Exercise goal:
For every line below, restate it exactly and drop the images.

Data provided:
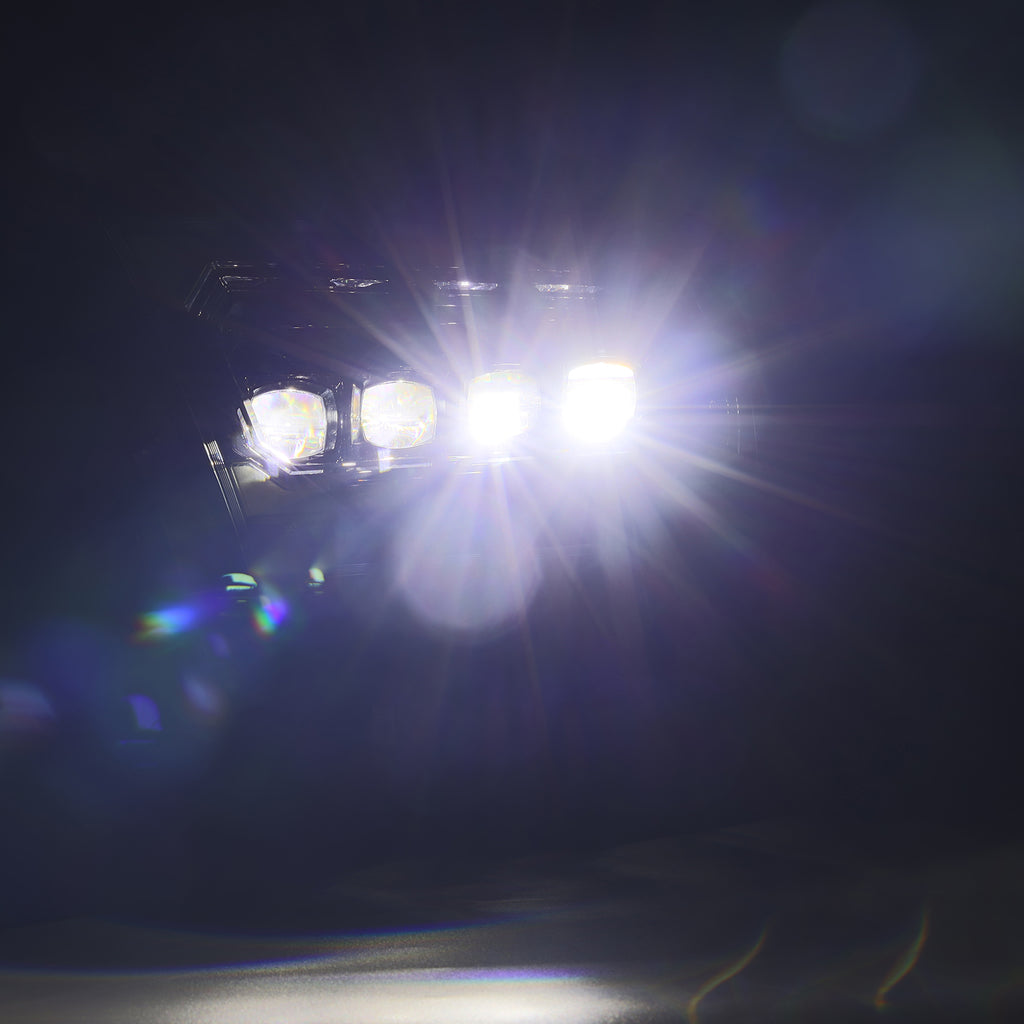 AlphaRex 880577 LED Projector Headlights in Alpha-Black for Select Ram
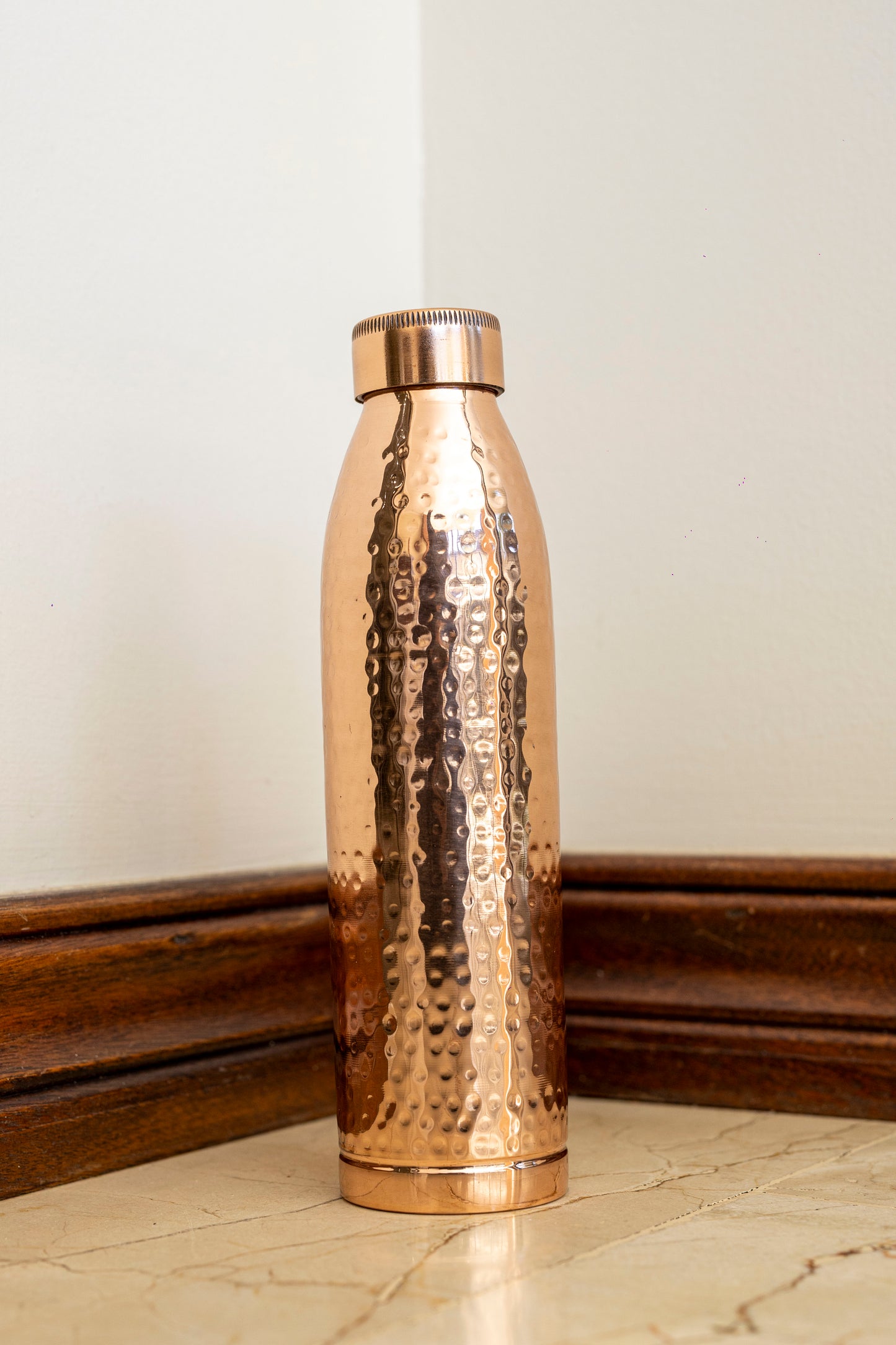 Hammered Copper Water Bottle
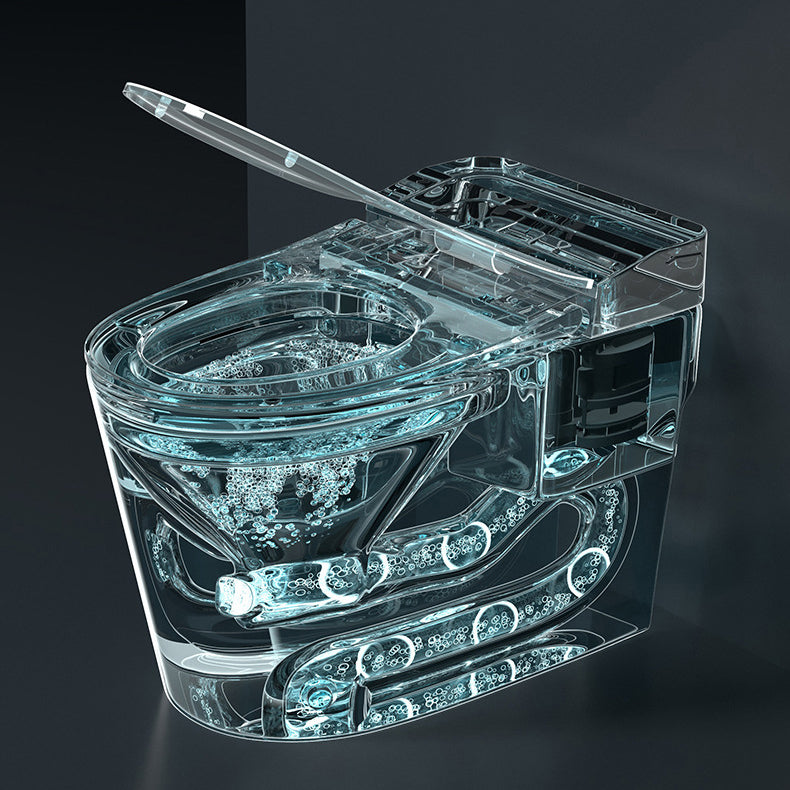 Modern Floor Mounted Urine Toilet Siphon Jet Toilet Bowl with Toilet Seat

Solved exercise:
 AlphaRex 880577 LED Projector Headlights in Alpha-Black for Select Ram
 Hammered Copper Water Bottle
 Modern Floor Mounted Urine Toilet Siphon Jet Toilet Bowl with Toilet Seat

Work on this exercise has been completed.